Ukrainian poet, cultural activist, peacebuilder, human rights defender

Yaroslav Minkin (Ярослав Борисович Мінкін; born 10 January 1984) is a Ukrainian poet, cultural activist, peacebuilder, and human rights defender. Yaroslav Minkin is a founder of the STAN (non-governmental organization), coordinator of the activists' empowerment program "Young Diversity Ambassadors," key expert in the Kuduk (cultural centre) and cultural claster Art Station in Samarkand. He is a trainer of Cultural Transformation Lab in Goethe Institute and independent facilitator in Eastern Partnership and Central Asia countries on cultural mapping and strategic cultural management, peace dialogue and social cohesion, youth and left-behind groups' participation, cultural diversity, and intercultural dialogue.

==Life and career==
Yaroslav Minkin was born in Luhansk, Luhansk Oblast in Ukraine. He spent his adolescence in Yalta, Crimea in Ukraine. Yaroslav graduated from the school No. 12 in Yalta, where well-known soviet poet Nika Turbina studded as well. After the high school, he went back to Donbas for subsequent years. In 2000, he won his first poetry prizes in Yalta and Simferopol'. As a poet he became a member of STAN (art-group) in 2002, he won two international slam competitions (in Kyiv and Riga), made a significant number of art performances and actionism interventions against authoritarian tendencies in Ukraine from 2004 to 2014, and finally moved to human rights actions to defend cultural diversity and promote social inclusion in post-revolution society. During this period Minkin organized art protests and performances in front of the Ministry of Foreign Offers of Ukraine, educational and cultural departments, security police offices, detention centres, and jails in Luhansk, Kyiv, and some other Ukrainian cities.

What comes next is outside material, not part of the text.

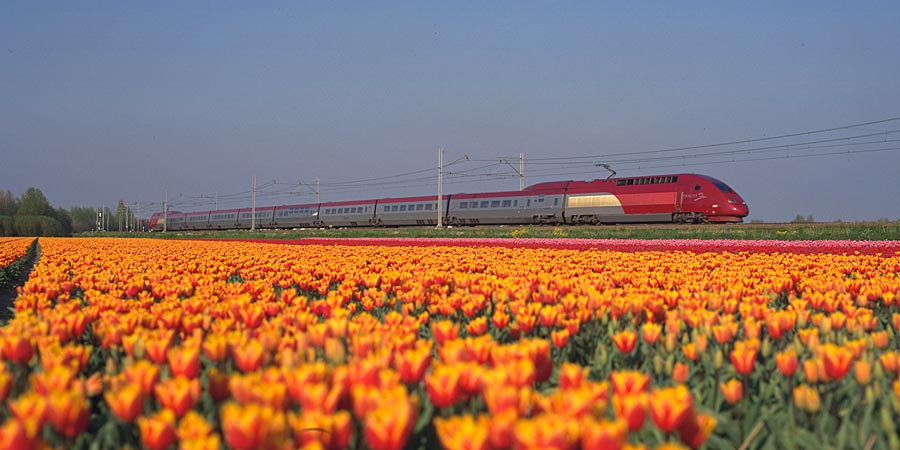 Thalys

In 2008 Minkin together became chairman of the board of STAN (non-governmental organization). In 2014, Minkin was forced to move from Luhansk because of the threats from the Russian hybrid army forces in Donbas and was back to action in Ivano-Frankivsk in Ukraine. This year he made a speech «Butterflies on the Luhansk military airfield» in the European External Action Service of European Commission seminar on culture and conflicts, «The Case of Ukraine» (2014). In Brussels, he tried to explain how artists and social activists kept human rights in the last decade. He also organized a peacebuilding action in Potsdamer Platz in Berlin.

Minkin graduated first from University of Luhansk in 2007 and then, in 2019, from Ukrainian Catholic University with thesis about strengthening the role of young generation in political decision-making processes. He also finished post-graduated peacebuilding program "Arts and International Cooperation" in Zurich University of the Arts in 2022 with thesis about methodology of Open Dialogues about Peace and International Peace Day in Ukraine celebration.

In 2018 Yaroslav Minkin became a fellow of Prague Civil Society Centre. With support of Igor Blaževič Minkin met influential activists from Eastern Partnership countries and later expanded his work to Central Asia. During his fellowship program, he developed thesis about influence of young generation on political decision-making process. Based on the study, Yuliya Lyubych and Yaroslav Minkin created script of the educational video about participation and democracy in Ukrainian context.

Since 2019, Minkin is leading a youth empowerment program for decolonization and post-war development Young Diversity Ambassadors with the aim to empower a new generation of independent young intersectional activists in Ukraine, their informal groups and emerging organisations, helping them to find their role in the post-war recovery and development, and to bring social changes into society.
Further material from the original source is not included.